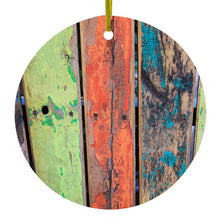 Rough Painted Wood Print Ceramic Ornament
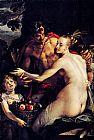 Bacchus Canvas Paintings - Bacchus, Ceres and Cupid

...

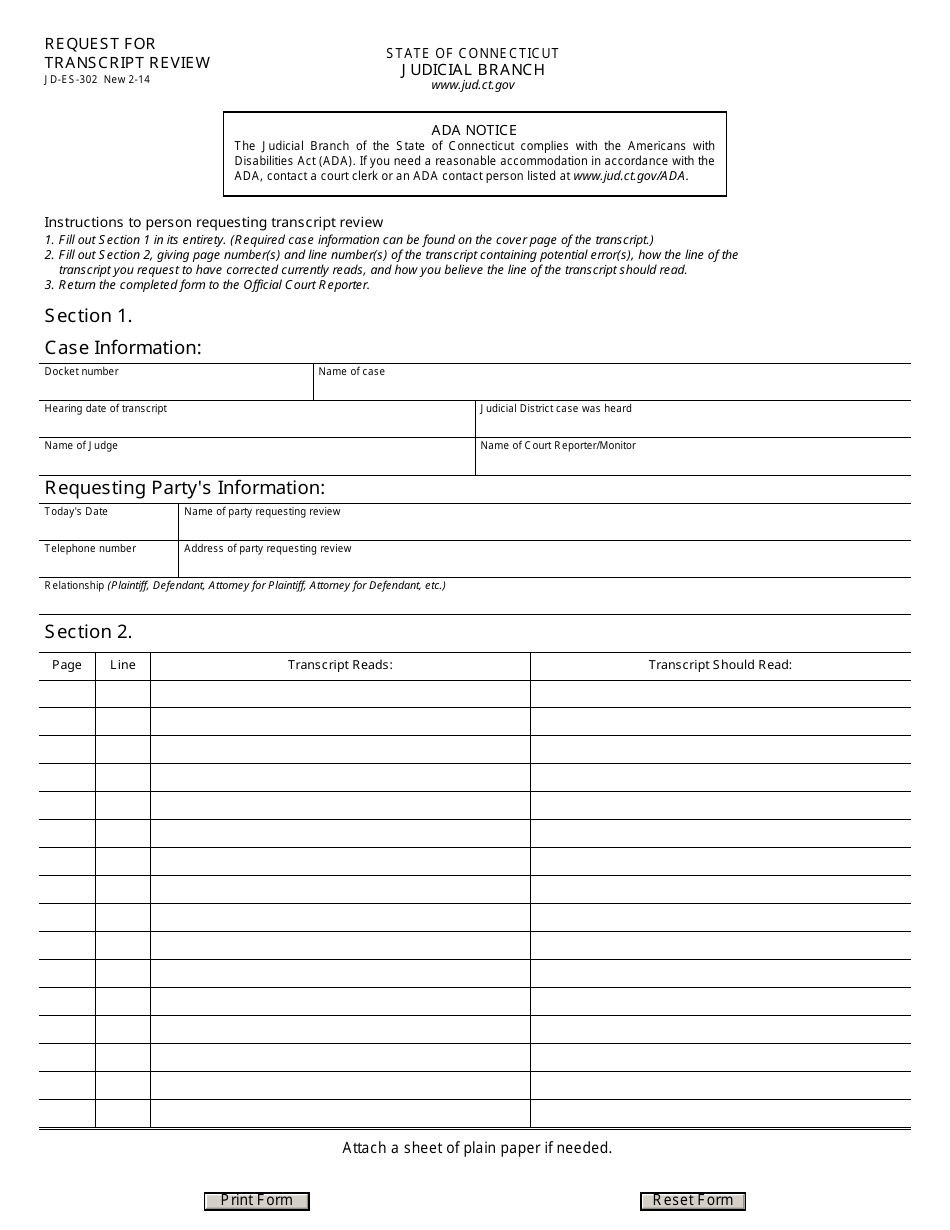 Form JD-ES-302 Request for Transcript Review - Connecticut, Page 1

==

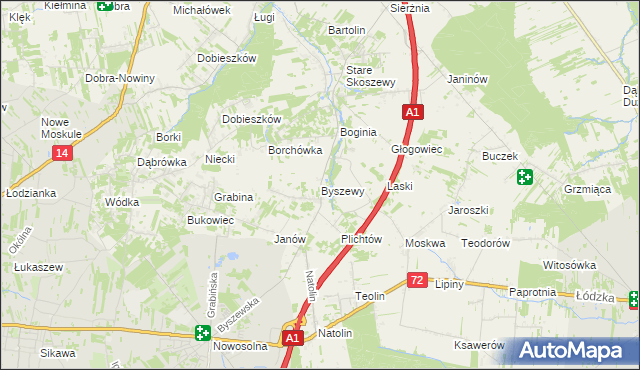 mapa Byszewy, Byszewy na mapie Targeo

Task statement: Please output the lines above beginning at the line with "Rough Painted Wood Print Ceramic Ornament" and ending after the line with "Bacchus Canvas Paintings", precisely as written and with no pictures.

Response to the task:
 Rough Painted Wood Print Ceramic Ornament
 Bacchus Canvas Paintings - Bacchus, Ceres and Cupid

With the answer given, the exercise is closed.